Required work: Some lines in the entries contain the word "Ford". Copy all of them.

════

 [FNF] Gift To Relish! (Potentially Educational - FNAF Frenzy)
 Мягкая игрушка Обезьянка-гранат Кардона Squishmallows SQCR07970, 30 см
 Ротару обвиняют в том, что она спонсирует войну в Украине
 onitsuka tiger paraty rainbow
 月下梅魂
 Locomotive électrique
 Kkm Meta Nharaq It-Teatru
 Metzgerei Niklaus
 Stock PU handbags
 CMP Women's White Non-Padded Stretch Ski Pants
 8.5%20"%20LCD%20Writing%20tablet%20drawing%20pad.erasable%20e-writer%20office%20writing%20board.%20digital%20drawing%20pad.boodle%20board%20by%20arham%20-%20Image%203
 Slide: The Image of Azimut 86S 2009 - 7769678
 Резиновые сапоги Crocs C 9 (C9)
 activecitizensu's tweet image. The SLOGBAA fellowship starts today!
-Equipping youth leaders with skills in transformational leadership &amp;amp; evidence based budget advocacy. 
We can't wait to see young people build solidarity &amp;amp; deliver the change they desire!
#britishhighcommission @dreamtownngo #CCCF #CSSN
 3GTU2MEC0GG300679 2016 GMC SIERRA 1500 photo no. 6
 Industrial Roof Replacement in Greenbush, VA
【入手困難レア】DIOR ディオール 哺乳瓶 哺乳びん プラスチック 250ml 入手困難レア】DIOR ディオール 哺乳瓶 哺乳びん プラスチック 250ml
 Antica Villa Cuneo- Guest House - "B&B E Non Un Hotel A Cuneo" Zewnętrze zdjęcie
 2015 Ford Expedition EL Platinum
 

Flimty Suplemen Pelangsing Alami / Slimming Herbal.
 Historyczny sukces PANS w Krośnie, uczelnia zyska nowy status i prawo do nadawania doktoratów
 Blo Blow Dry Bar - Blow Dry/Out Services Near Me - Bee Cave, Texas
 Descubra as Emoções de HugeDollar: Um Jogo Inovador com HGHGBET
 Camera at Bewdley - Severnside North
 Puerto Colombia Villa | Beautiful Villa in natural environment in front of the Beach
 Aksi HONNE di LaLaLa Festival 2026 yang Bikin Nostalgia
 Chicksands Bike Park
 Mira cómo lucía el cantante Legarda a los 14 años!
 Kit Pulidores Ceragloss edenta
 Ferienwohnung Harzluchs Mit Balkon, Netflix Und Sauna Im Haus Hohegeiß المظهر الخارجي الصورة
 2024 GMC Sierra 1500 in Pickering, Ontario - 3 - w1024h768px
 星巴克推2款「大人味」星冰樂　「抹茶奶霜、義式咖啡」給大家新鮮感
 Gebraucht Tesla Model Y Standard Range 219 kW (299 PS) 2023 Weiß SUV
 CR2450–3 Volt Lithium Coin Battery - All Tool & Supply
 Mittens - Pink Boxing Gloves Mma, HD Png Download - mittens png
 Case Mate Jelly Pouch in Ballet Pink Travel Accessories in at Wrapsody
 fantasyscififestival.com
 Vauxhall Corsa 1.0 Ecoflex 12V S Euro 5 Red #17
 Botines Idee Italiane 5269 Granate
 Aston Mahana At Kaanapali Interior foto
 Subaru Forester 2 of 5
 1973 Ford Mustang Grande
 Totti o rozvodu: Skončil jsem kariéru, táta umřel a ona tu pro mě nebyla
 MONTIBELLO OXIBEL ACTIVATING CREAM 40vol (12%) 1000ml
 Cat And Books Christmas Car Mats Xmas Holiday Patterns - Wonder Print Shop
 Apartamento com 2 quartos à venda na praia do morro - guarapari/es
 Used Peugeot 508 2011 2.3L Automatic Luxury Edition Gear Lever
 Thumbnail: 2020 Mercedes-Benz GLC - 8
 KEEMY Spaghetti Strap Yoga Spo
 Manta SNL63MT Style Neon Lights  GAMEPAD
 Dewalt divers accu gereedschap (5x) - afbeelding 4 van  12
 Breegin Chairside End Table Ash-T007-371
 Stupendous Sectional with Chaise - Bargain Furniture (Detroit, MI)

════

Response for this exercise:
 2015 Ford Expedition EL Platinum
 1973 Ford Mustang Grande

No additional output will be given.